Festgestellt: Der Kernwert des VPI der Eurozone lag im Oktober bei 1,1%, bei einem prognostizierten Wert von 1,1% und einem Vorwert von 0,9%. Die Eurozone stimmte den VPI im Oktober auf 2,2%, 2,2% und 2,1% ab.
Die Daten zeigen, dass sich die Inflation im Oktober beschleunigte und der potenzielle Preisdruck anstieg, was die Stimmen der politischen Entscheidungsträger noch komplizierter machte, nachdem sich die Wirtschaft der Eurozone auf den niedrigsten Stand seit 2014 verlangsamt hatte.
Der Verbraucherpreisindex stieg im gleichen Zeitraum des Vorjahres um 2,2% und der Index ohne volatilen Bestandteilen stieg auf 1,1%.
Spezifische Daten:
Der Kernwert des VPI der Eurozone lag im Oktober bei 1,1% mit einem prognostizierten Wert von 1,1% und einem Vorwert von 0,9%.

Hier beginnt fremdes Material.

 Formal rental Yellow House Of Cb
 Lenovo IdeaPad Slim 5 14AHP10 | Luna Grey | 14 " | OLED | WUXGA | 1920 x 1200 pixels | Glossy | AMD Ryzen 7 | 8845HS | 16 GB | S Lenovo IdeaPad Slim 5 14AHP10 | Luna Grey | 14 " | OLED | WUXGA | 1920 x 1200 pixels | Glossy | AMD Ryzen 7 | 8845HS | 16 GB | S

Die Eurozone stimmte den VPI im Oktober auf 2,2%, 2,2% und 2,1% ab.
Die Arbeitslosenquote in der Eurozone lag im September bei 8,1%, 8,1% und 8,1%.

In den letzten fünf Monaten lag die Inflation in der Eurozone über dem Ziel der EZB von etwas weniger als 2%. Hohe Energiepreise sind einer der Hauptgründe. Mario Draghi, Präsident der Europäischen Zentralbank, sagte, er glaube, dass ein starker Arbeitsmarkt und steigende Löhne auch die Kernpreise in die Höhe treiben würden, was einen allmählichen Rückzug aus dem geldpolitischen Stimulus rechtfertigen würde.